What the task requires:
The answer must be an exact copy of the lines from the one with "- une chambre" through the final line of the records below, with no pictures.

Captioned web image data:
---*---

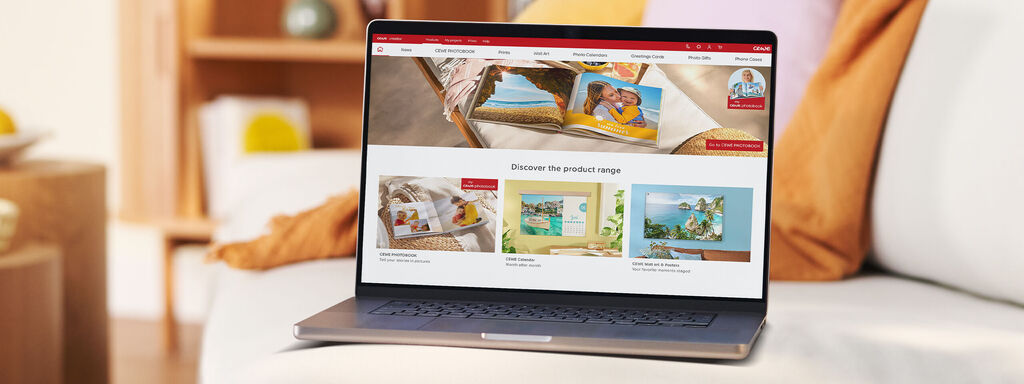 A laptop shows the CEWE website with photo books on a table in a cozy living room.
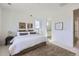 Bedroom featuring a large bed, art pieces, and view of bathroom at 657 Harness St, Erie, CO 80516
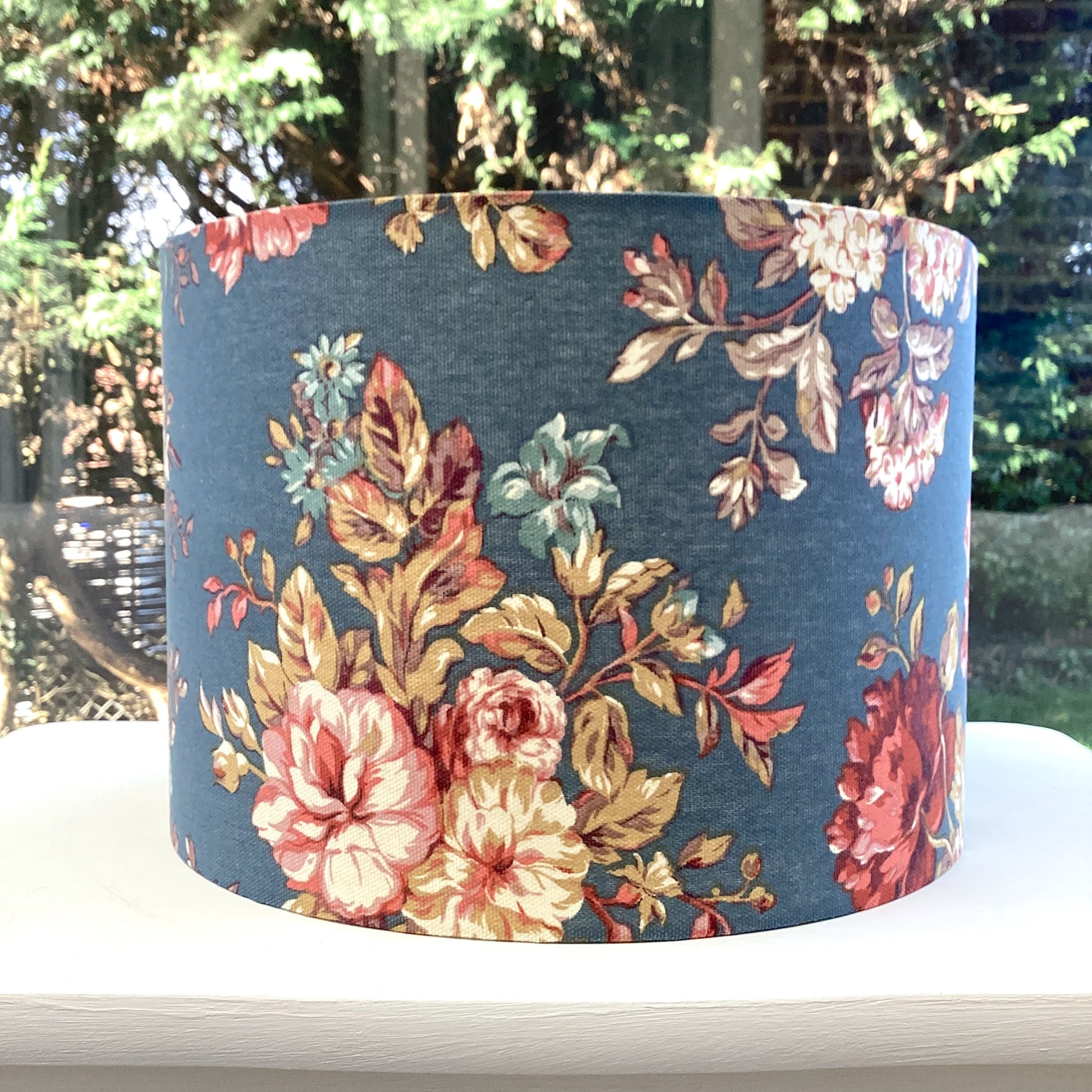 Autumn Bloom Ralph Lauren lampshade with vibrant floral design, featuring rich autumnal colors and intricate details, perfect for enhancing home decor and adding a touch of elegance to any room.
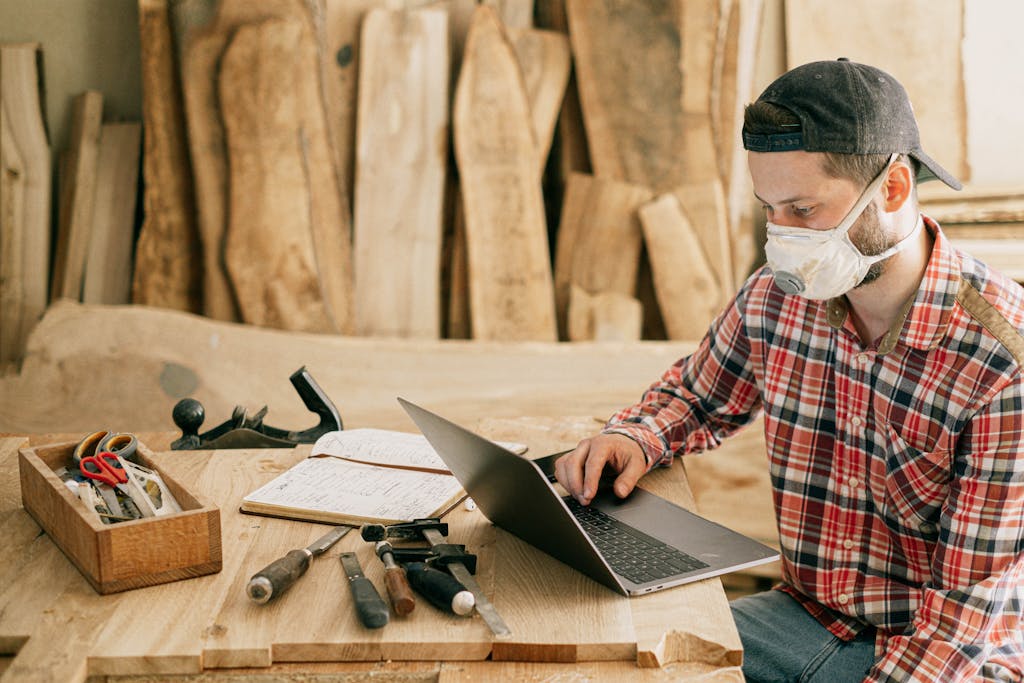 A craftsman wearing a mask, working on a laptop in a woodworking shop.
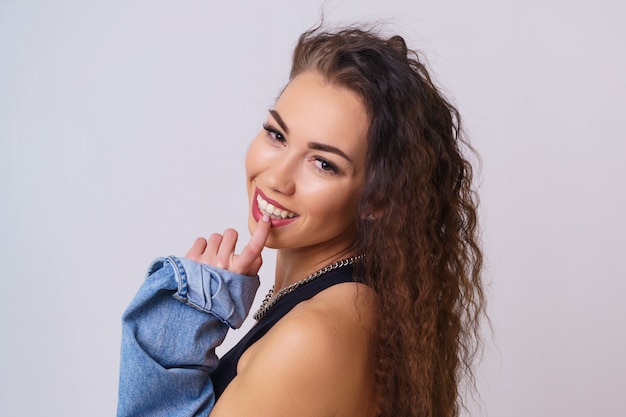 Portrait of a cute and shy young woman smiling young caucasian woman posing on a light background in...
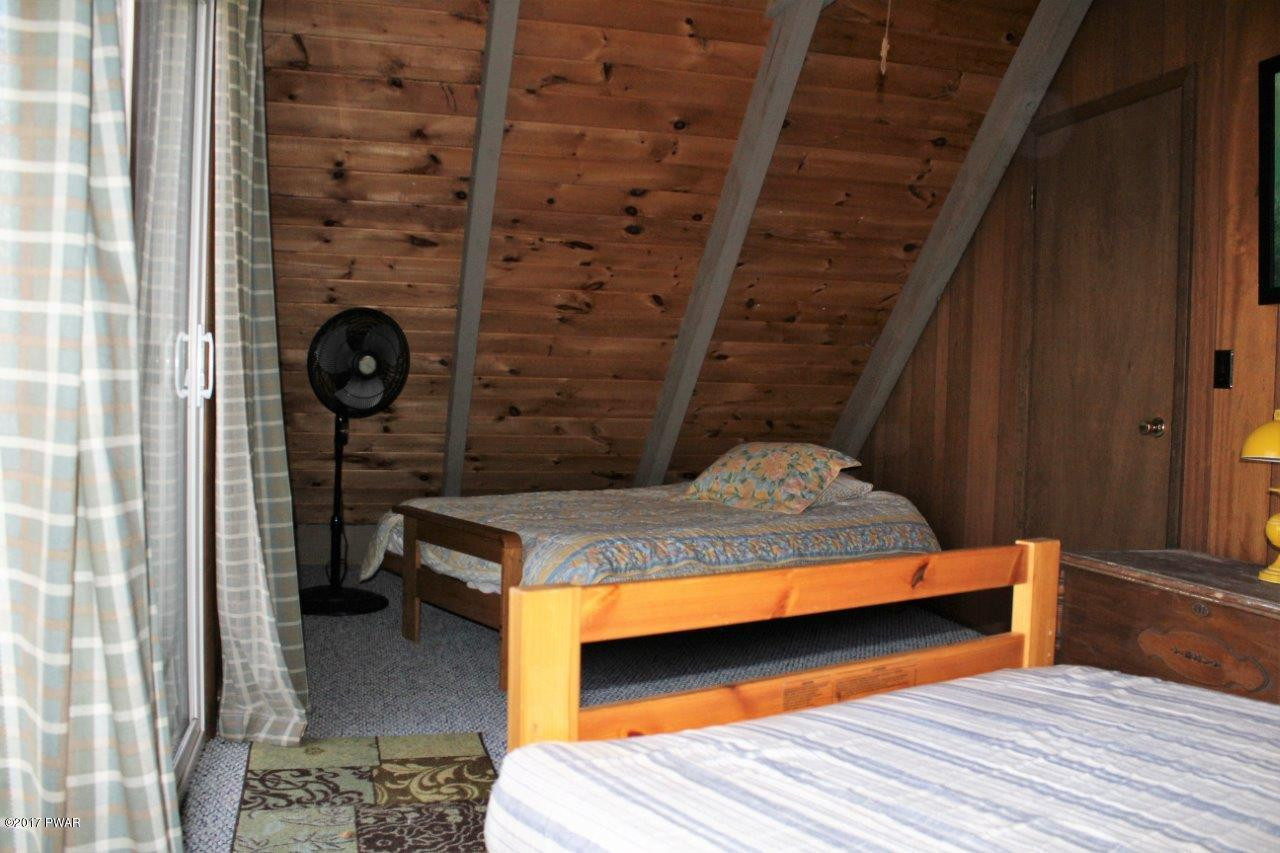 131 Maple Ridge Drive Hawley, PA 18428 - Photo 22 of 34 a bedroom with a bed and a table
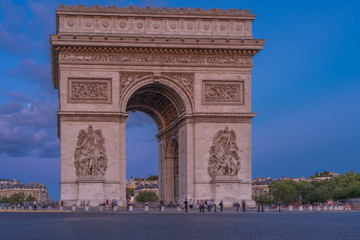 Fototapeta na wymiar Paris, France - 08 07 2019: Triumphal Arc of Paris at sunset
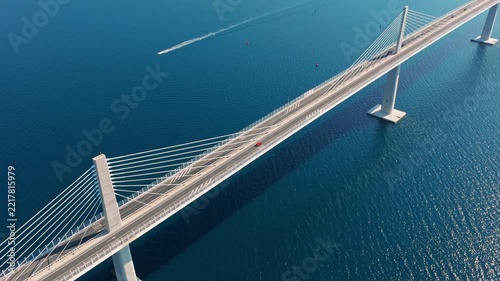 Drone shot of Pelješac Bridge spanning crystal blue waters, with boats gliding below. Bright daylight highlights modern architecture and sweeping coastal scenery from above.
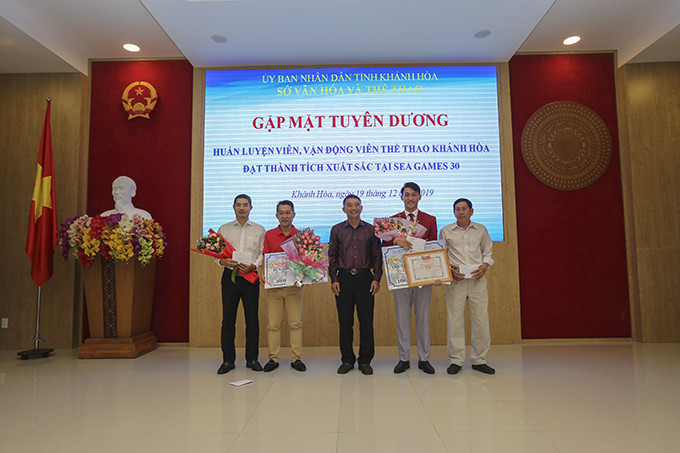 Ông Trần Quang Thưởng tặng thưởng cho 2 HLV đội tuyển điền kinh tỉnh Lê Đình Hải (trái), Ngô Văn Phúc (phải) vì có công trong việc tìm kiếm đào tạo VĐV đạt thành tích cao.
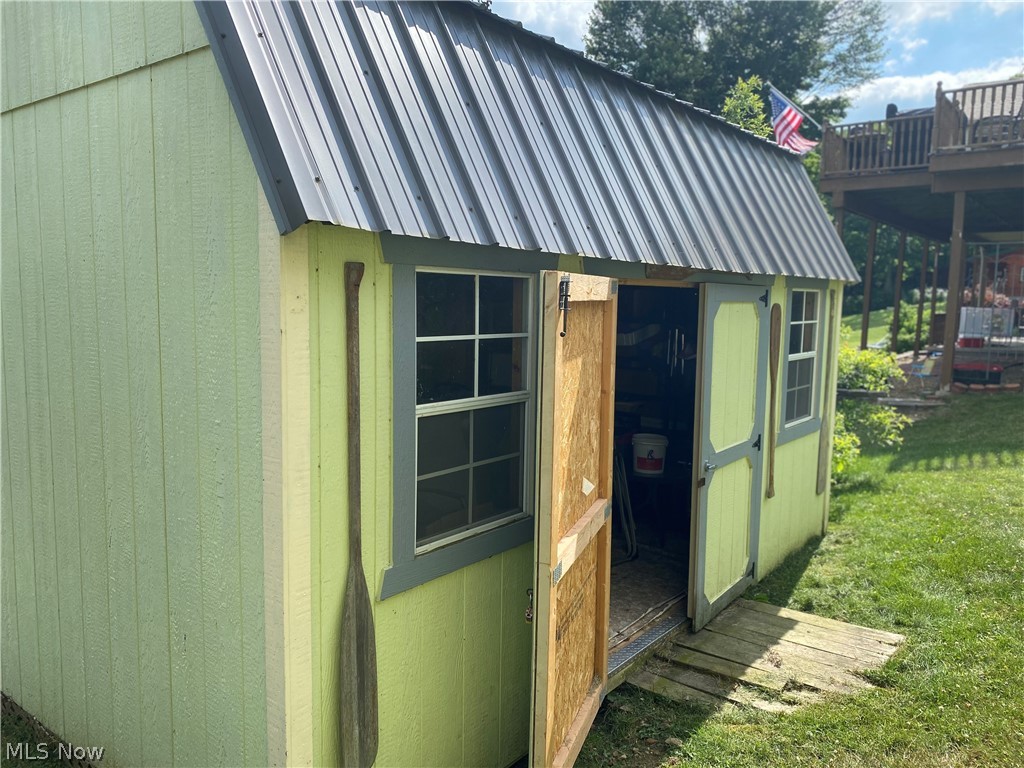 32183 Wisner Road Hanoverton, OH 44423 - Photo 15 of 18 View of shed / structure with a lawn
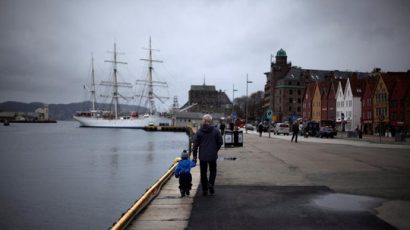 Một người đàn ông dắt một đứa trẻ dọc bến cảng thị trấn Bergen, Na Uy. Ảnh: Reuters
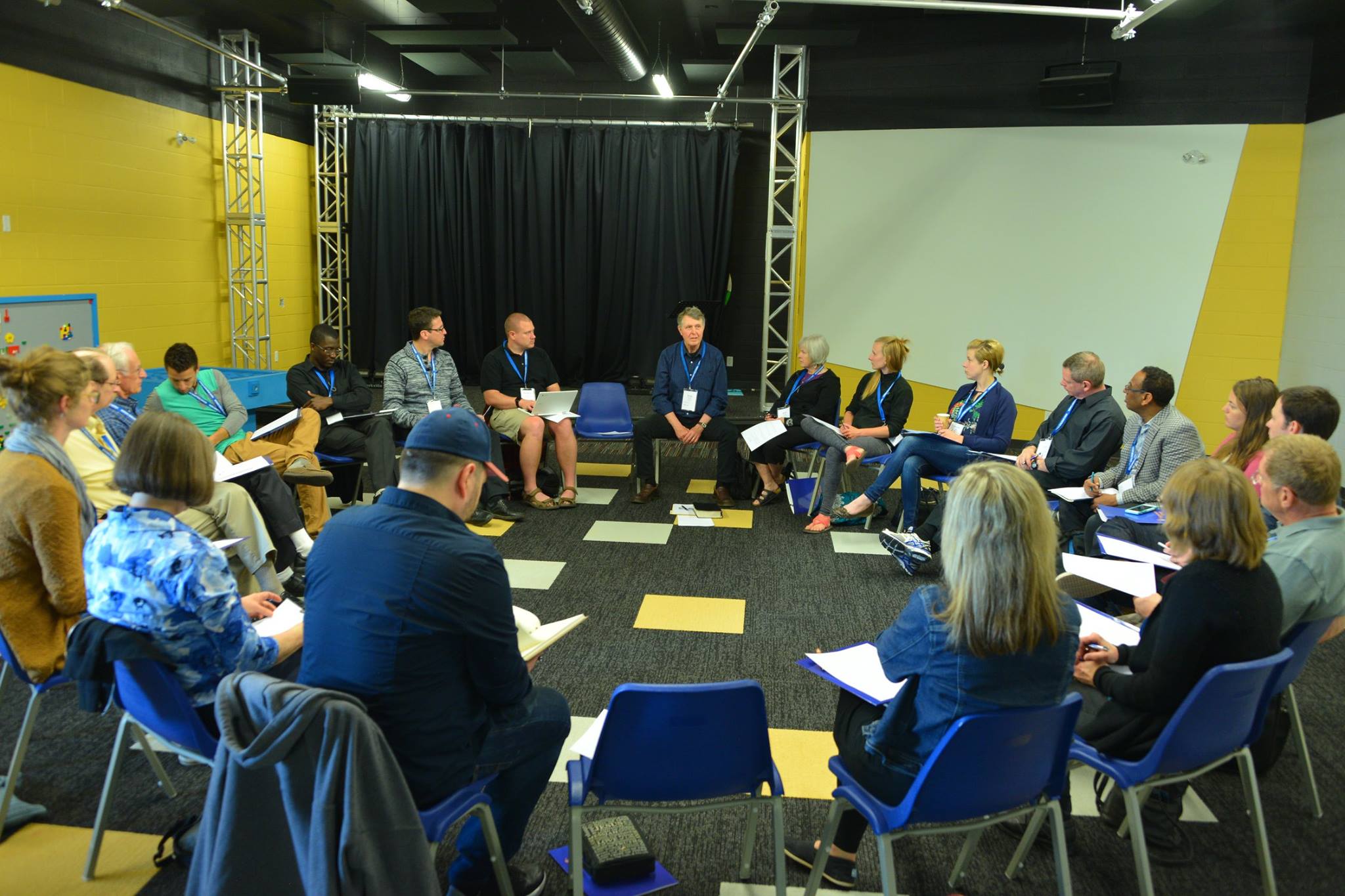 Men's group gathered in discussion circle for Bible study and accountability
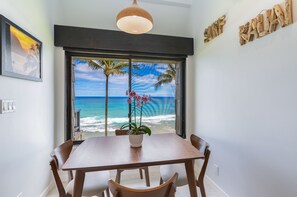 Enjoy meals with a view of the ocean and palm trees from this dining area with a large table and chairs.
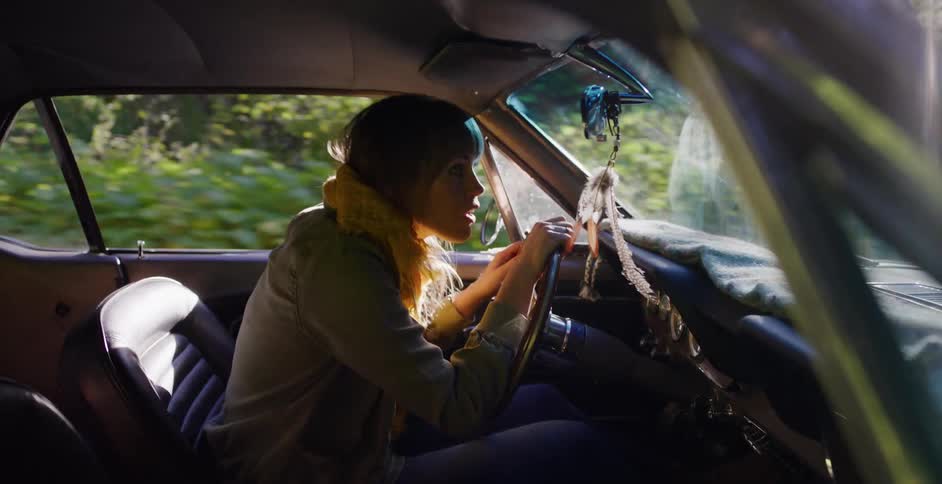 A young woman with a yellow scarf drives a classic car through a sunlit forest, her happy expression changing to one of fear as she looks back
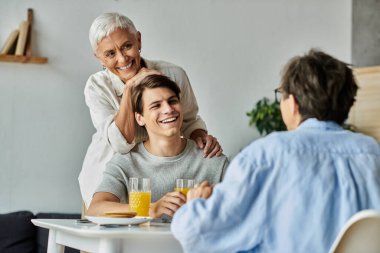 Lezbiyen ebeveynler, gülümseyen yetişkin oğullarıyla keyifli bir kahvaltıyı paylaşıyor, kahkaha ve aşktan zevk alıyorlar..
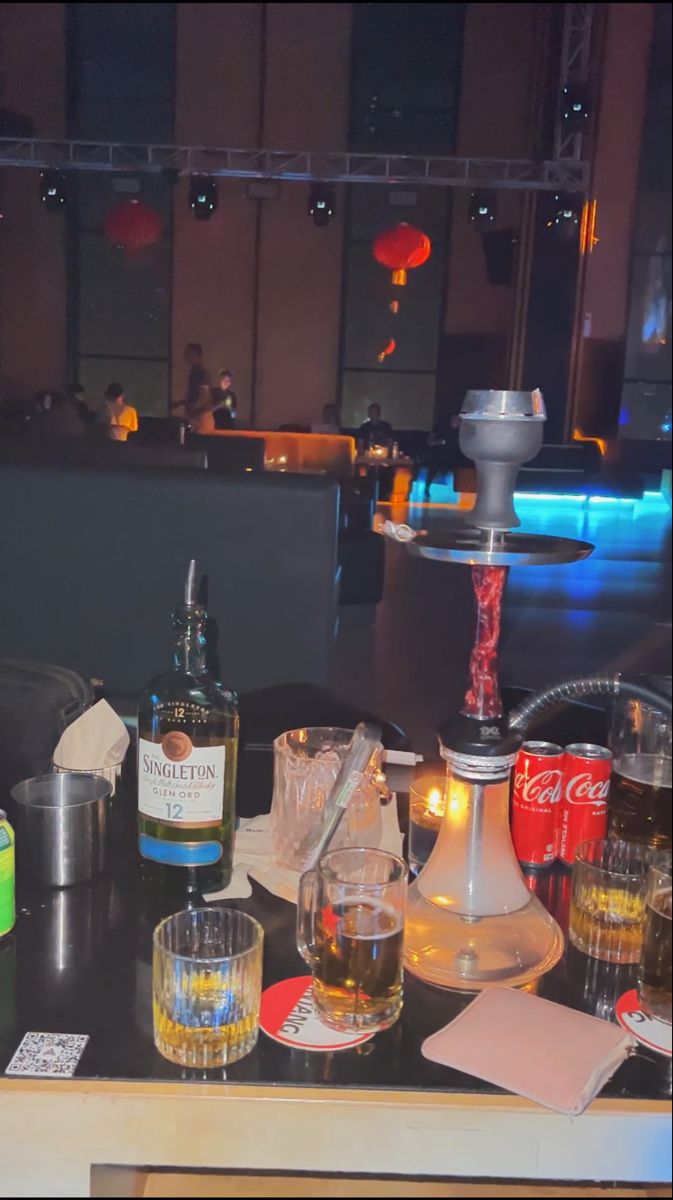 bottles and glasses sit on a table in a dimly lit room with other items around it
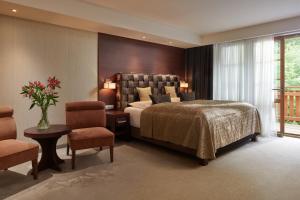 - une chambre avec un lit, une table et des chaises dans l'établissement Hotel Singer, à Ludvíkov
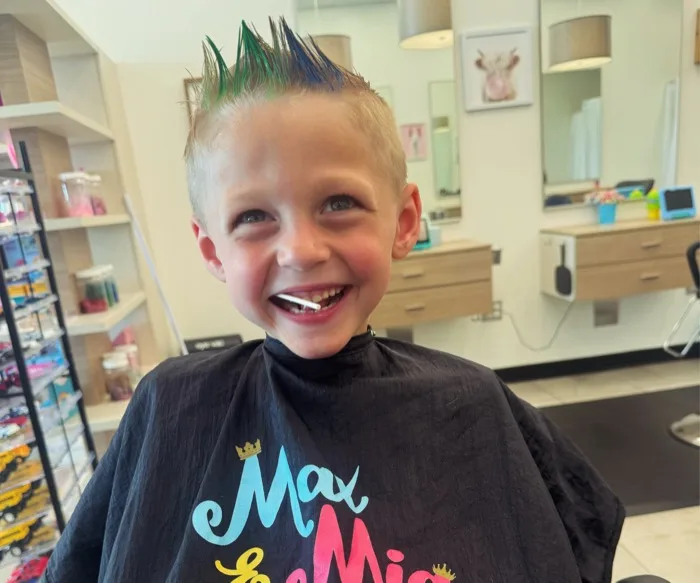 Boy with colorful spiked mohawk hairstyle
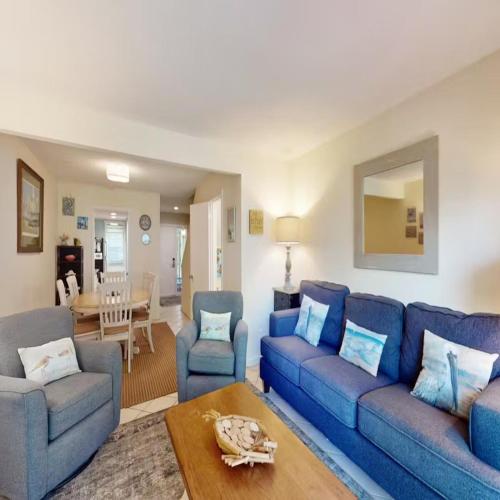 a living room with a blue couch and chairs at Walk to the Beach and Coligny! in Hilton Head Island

---*---

Written solution:
 - une chambre avec un lit, une table et des chaises dans l'établissement Hotel Singer, à Ludvíkov
 Boy with colorful spiked mohawk hairstyle
 a living room with a blue couch and chairs at Walk to the Beach and Coligny! in Hilton Head Island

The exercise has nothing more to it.